# Fus1on's '08 Fusion Install



## Fus1on (Feb 25, 2011)

To say that i'm a casual Ford fan is putting it lightly as you can see from the photo. '10 Taurus SEL, '08 Fusion SEL and a '91 Taurus SHO AND we just sold the '93 Aerostar last week.
http://img193.imageshack.us/img193/8533/theblueovalstablesm.jpg

I bought my '08 about a month ago and It's still pretty Vanilla at the moment, i've only added a set of Hankook V4ES 225/50/ZR17s to replace the wore out Michelins and a rear spoiler so far. It was a Texas car so it's rust free and a solid car to start with. 

Before Pictures .... Standard 3.0L SEL package w/ 6speed ATX, 6 speaker/disc changer, leather interior, Sync, etc .....

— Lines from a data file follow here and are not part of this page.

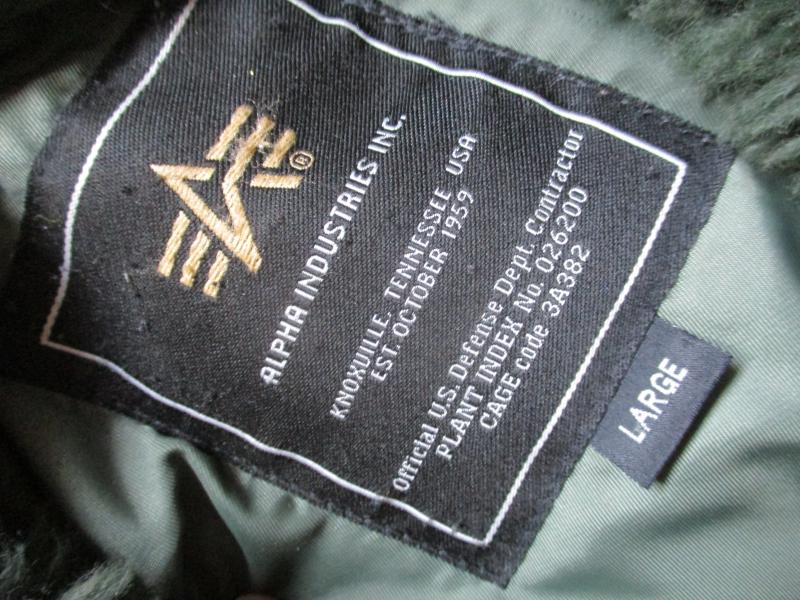 GENUINE ALPHA INDUSTRIES USAF USA N2B N-2B bomber pilot JACKET COAT GREEN LARGE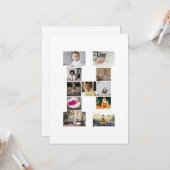 デザイン独自のレターHフォトコラージュ カード (正面/裏面インサイチュ)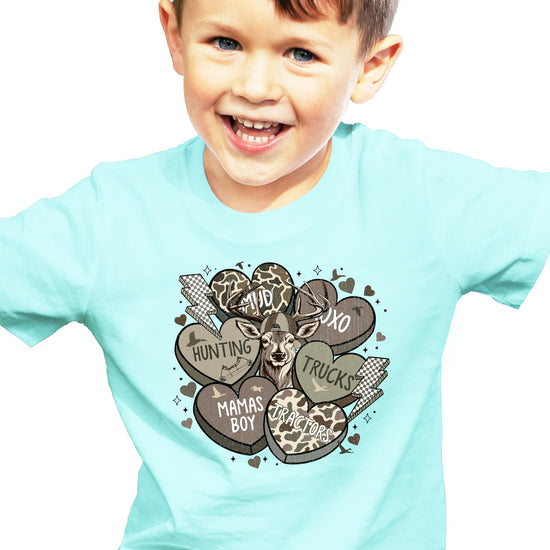 Boys Valentine's Day graphic tee laid flat showing full country camo heart print design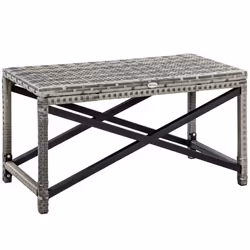 Outsunny PE Wicker Outdoor Coffee Table, Rattan Side Table w/ Plastic Board - Additional view 8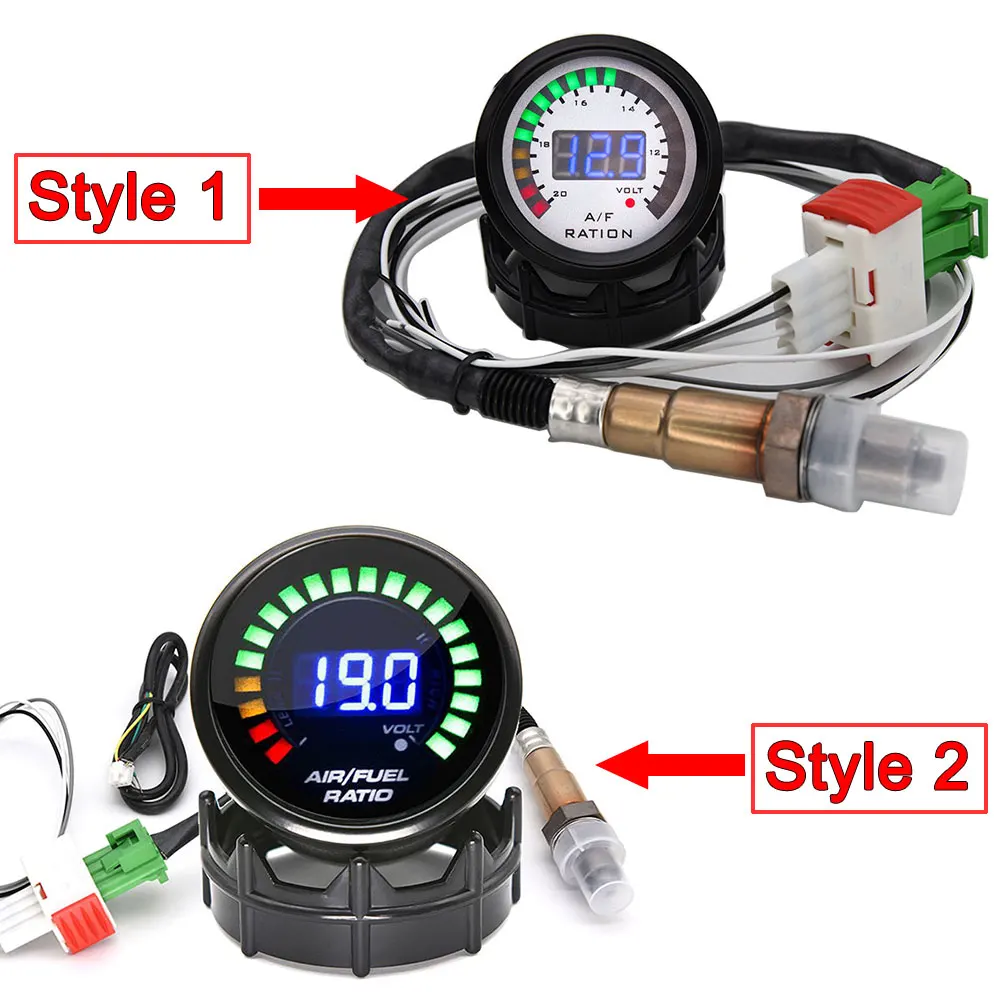 HD Digital Air Fuel Ratio Gauge O2 Oxygen Sensor for 12V Car Voltmeter Car Gauge AFR 52mm 2 in 1 Meter Voltage With Narrowband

Other than this damage from the licence plate and what looks like a minor bump, the car is in great condition. I'm waiting for a deal on a bumper cover and thankfully La. doesn't require front plates ... IMO they mess up a car's looks.


----------



## Fus1on (Feb 25, 2011)

In a previous life, I did the LOUD thing and now at 49 I'm way past that phase. I'm a DIYer so i'm going to do the install myself, I'm just getting my feet wet again in 12v and clearing the cobwebs out trying to remember things and i'm kind of wanting to test the rookie SQ competition lanes out so I'm going with a basic 2.1 stealth (except for the sub enclosure) install geared towards SQ using not "Top of the line" items, but still very good, quality components _that I can enjoy and have fun with and yet not go broke buying them_. I already have everything listed below and yes, I realize that it is some people's opinion that the Infinity Kappa 6x8s are not a popular choice because they are not round. I might be doing wrong but I'm going to try them out for myself anyways and go from there ... I'm just heading that issue off at the pass before it comes up. 

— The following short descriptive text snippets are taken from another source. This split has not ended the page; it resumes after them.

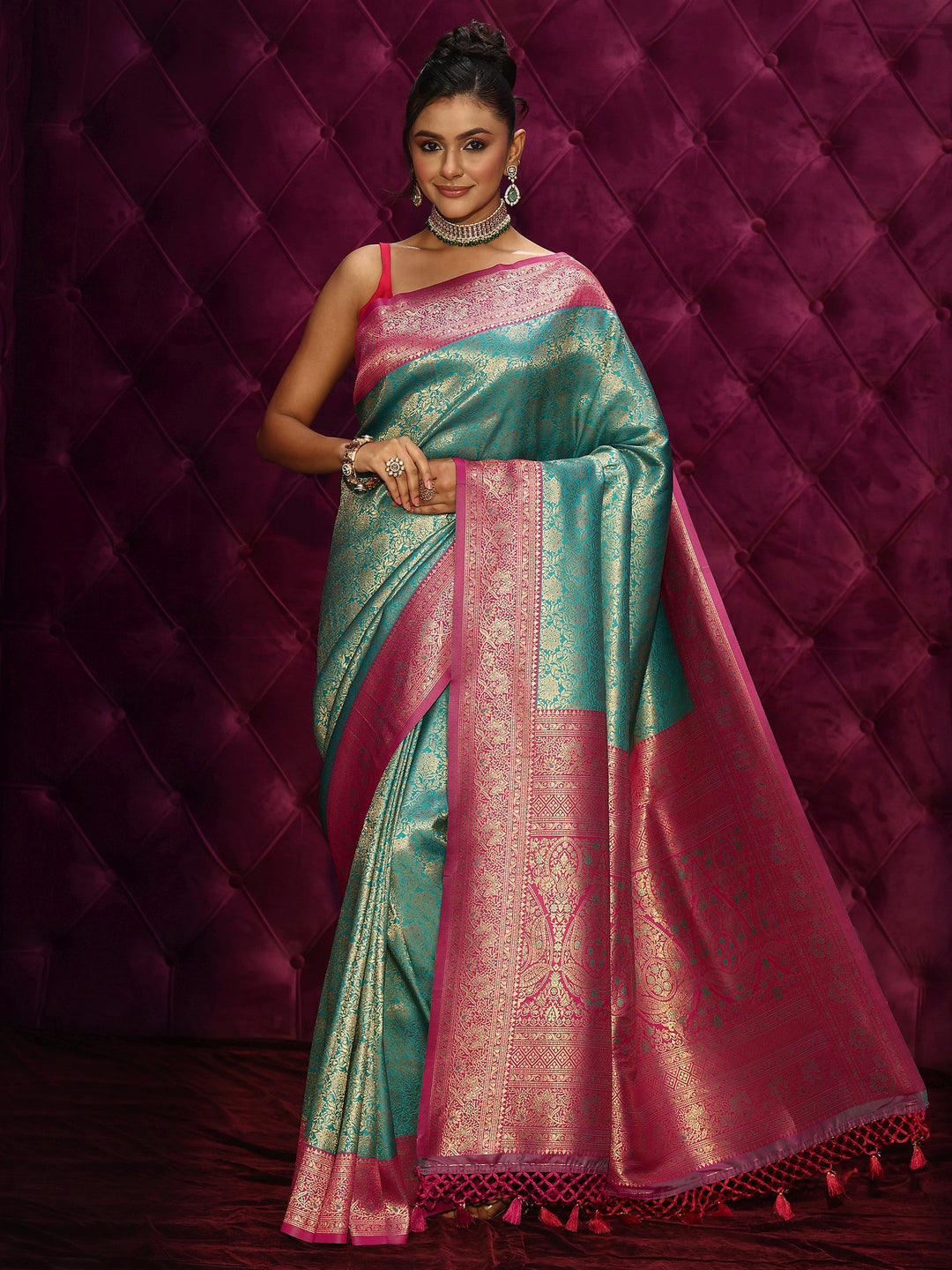  Libas Sea Green Banarasi Silk Blend Tassel Saree 
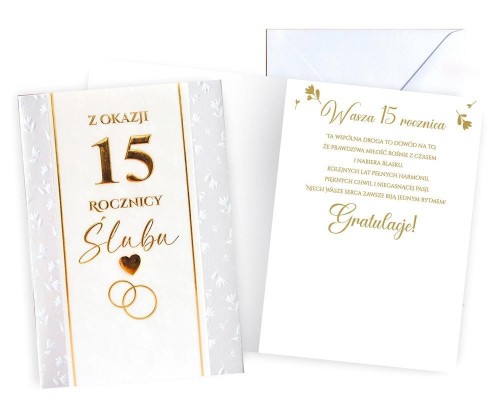 Karnet Rocznica ślubu 15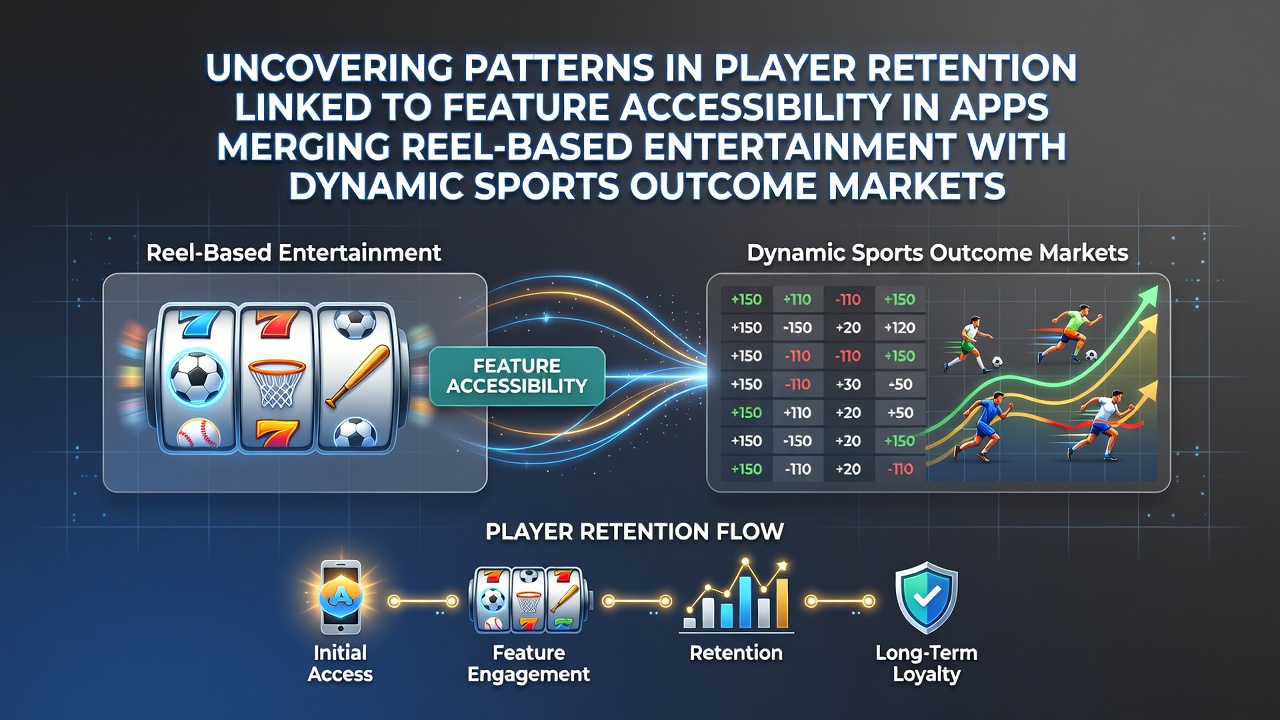 Infographic showing player retention metrics across reel and sports outcome apps with accessibility indicators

*Sound Deadening Products:*
Deadener - Second Skin Damplifier Pro Sound Deadening Materials for Noise Reduction from Second Skin
Decoupler - RAAMat Ensolite IUO Peel and Stick RAAMaudio
Noise Barrier - MLV (i've yet to buy)

*Head Unit:*
Pioneer AVH-P3200BT - w/Remote/DVD/Bluetooth/USB and Navigation/HD & Sat Radio/Rear Camera/etc ... as addons
AVH-P3200BT - In-Dash Double-DIN DVD Multimedia AV Receiver with Built-in Bluetooth and 5.8" Widescreen Display | Pioneer Electronics USA









*EQ:*
Kicker KQ30 30 Band 1/3-octave EQ w/9V output, this ought to help fill in the gaps.
Equalizers | KICKER









*Amplifier*
MB Quart ONX4.80 - [email protected], [email protected] From what i've read, it's a good clean amp that gives a lot of bang for the buck.
MB Quart Car Audio -- Onyx Amplifiers









*Mid/High Speakers* 
Infinity Kappa 680.9CS (1 set in front doors) Again, many favorable comments about these and very efficient @ 93dB
Infinity - Car Audio









*Subwoofer*
JBL GT5-12 (1 in a custom fiberglass enclosure) I'm not using a lot of watts so a sensitivity of 93dB is helpful.
JBL - GT5-12 - 12" Subwoofer with single 4-ohm voice coil


----------



## Fus1on (Feb 25, 2011)

*Car Mods Done*
Tires - Hankook V4ES 225/50/ZR17s Hankook Ventus V4 ES H105
Rear Spoiler - Razzi Fusion - Razzi by AAC Ground Effects

*Car Mods To Do*
Stereo - Starting next week
Window Tint
Lowering Springs - Dropzone 2" drop F/R (Have them, need to install)
3D Carbon Body Kit Ford Fusion 3dCarbon Style Kits | 3dCarbon Website
3M Di Doc Carbon Fiber a few interior pieces

*Possible Future Car Mods*
Cover the hood with 3M Di Doc Carbon Fiber 
Vinyl Graphics 
Blue interior LEDS to replace the stock green ones
Modify the head & tail lights to partially "de-chrome" them
De-chrome a few more exterior items
Wheels


----------



## Notloudenuf (Sep 14, 2008)

In for a subscription. Nice looking ride.


----------



## Notloudenuf (Sep 14, 2008)

You been working on this thing and gonna surprise us?


----------



## Fus1on (Feb 25, 2011)

I had 17 trees cut down, stumps ground and myself and two other guys re sodded the yard with 22 pallets of grass so I've been busy doing that, my back is killing me.  I just got to order the wires/interconnects/connectors last night ... 1/0 gauge for the Big 3 Upgrade and 4 gauge for the rest. A buddy is coming by Sat. to help me start deadening so hopefully we'll start making progress.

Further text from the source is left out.